→ TASK BRIEF: Repeat exactly, and only, the lines below starting at the line that contains "276-282 AD Emperor" and ending at the line that contains "2020 Dodge Challenger", inclusive of both.
[EXTRACTED DATA]
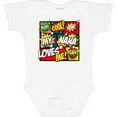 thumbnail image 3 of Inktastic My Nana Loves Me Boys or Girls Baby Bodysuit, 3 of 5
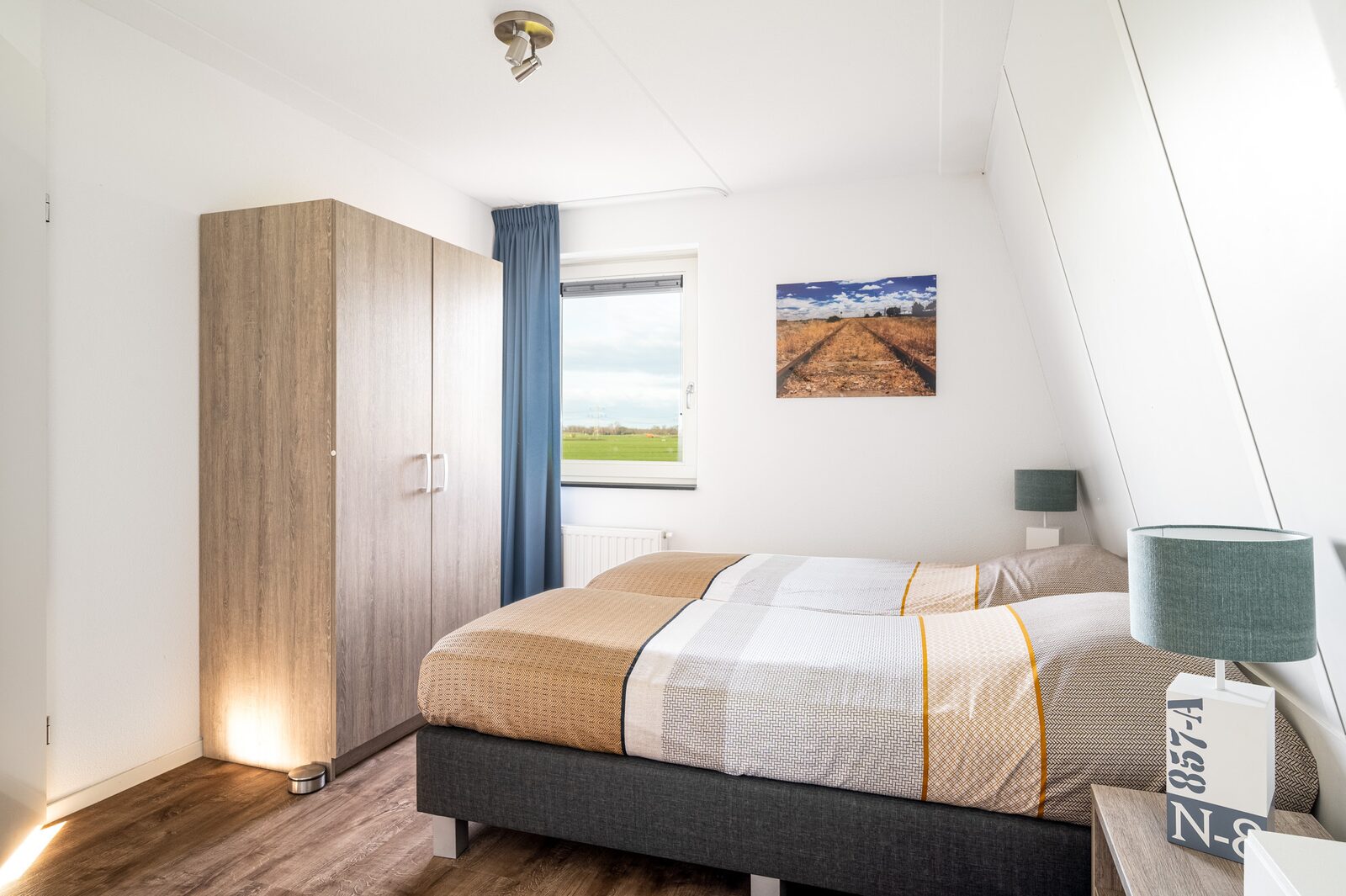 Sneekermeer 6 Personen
[/EXTRACTED DATA]
[EXTRACTED DATA]
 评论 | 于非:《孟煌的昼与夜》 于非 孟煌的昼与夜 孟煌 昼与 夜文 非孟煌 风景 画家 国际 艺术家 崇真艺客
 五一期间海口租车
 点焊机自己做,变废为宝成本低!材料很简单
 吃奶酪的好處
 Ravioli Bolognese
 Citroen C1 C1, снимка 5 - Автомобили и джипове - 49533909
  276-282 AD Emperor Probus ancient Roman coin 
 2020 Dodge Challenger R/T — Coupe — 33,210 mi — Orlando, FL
[/EXTRACTED DATA]
→ ANSWER FOR THIS EXERCISE:
  276-282 AD Emperor Probus ancient Roman coin 
 2020 Dodge Challenger R/T — Coupe — 33,210 mi — Orlando, FL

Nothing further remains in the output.